Bookmark and Share

Notice: On April 23, 2014, Statalist moved from an email list to a forum, based at

[Date Prev][Date Next][Thread Prev][Thread Next][Date Index][Thread Index]

RE: st: How to plot cdf after corrected kernel density

From   philippe van kerm <>
To   "" <>
Subject   RE: st: How to plot cdf after corrected kernel density
Date   Fri, 4 Oct 2013 12:30:46 +0000

Nick is right: -akdensity- does nothing specific to address lower and upper bounds for data on a restricted range. 
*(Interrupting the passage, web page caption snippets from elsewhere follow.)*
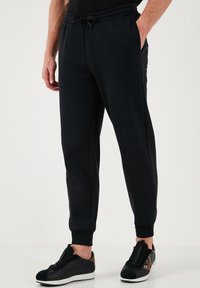 Schwarze Jogginghose aus leichtem Stoff, mit elastischem Bund und Kordelzug, Seitentaschen und engen Bündchen.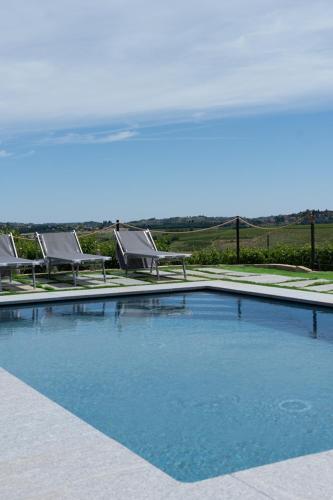 a large swimming pool with two lawn chairs at Da Elvira in Costigliole dʼAsti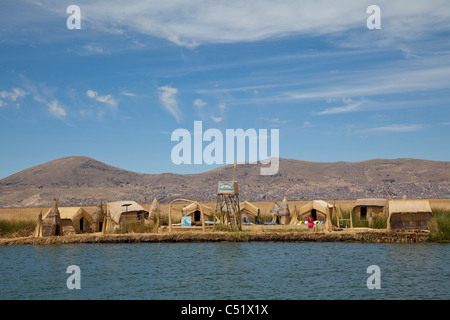 Traditional houses on the Uros Islands, Lake Titicaca, Peru Stock Photo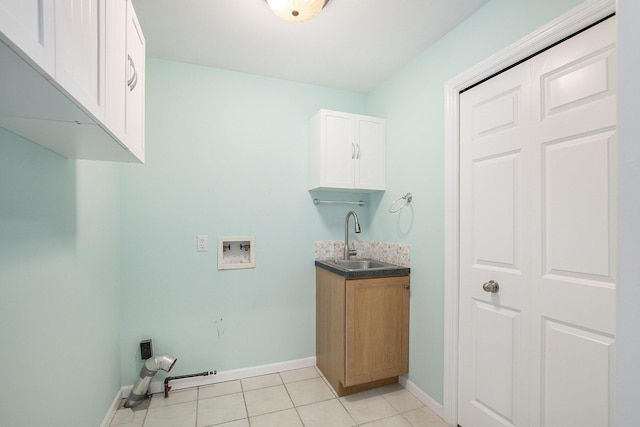 16448 Van Wagoner Rd, Spring Lake, MI 49456 - laundry area featuring washer hookup, baseboards, light tile patterned floors, and cabinet space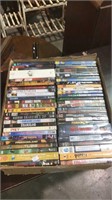 About 60 DVDs in a box, (834)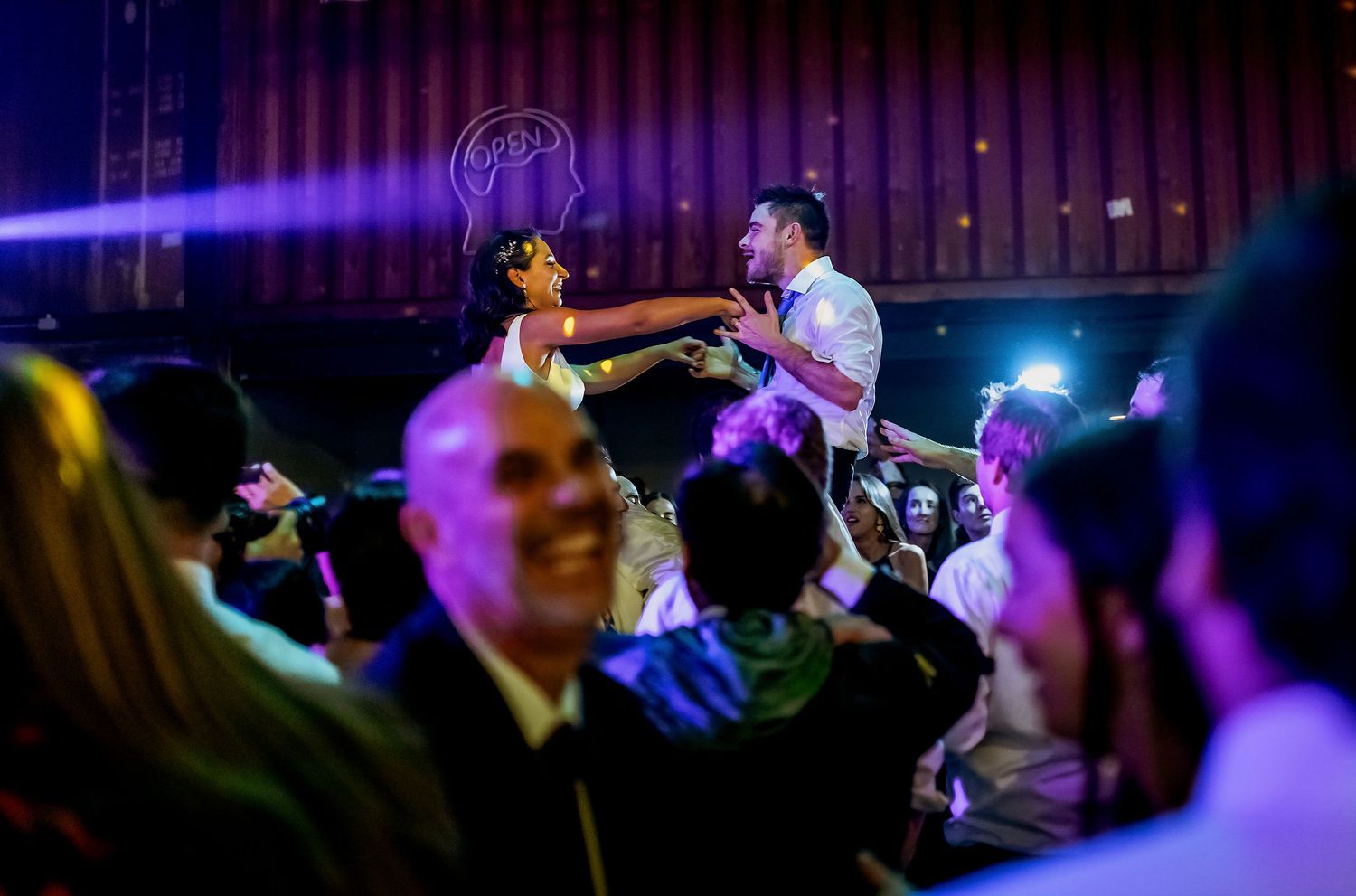 Groom lifted by guests during lively wedding reception celebration with dramatic lighting.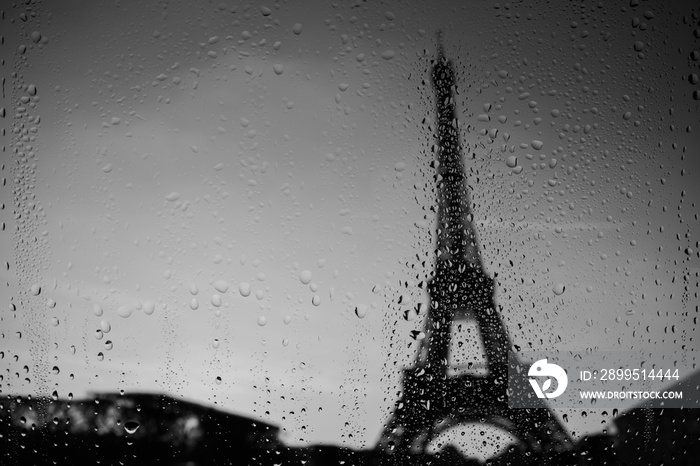 Paris Eiffel Tower through window at rainy weather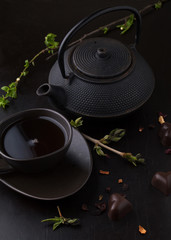 Obraz na płótnie Canvas Chocolate candy with tea and teapot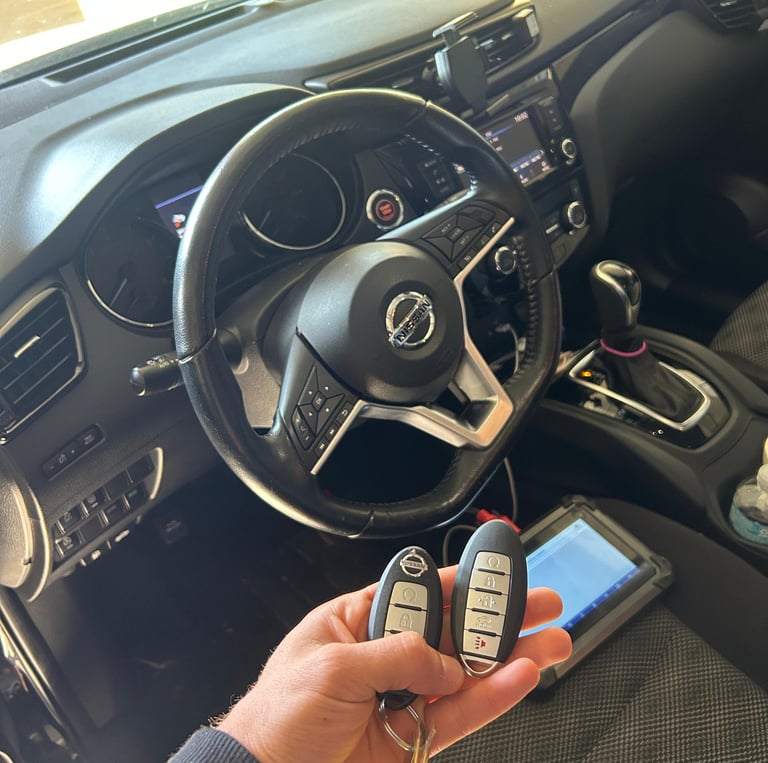 locksmith programming a car key fob on-site for a modern vehicle in Flagler County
I guess the short answer Monica may be looking for is to use -integ- instead of -cumul- (but see Nick's point about crude integration methods on smart PDF estimation)

  sysuse auto
  _kdens mpg, g(b a)  
  integ b a , gen(cb)
  line cb a, sort

Note that if interest is ultimately in the (smoothed) CDF, she requires a much smaller bandwidth than what would be 'optimal' for the PDF estimation. 

A transformation of the data may sometimes be a way to deal with boundary issues in kernel density estimation.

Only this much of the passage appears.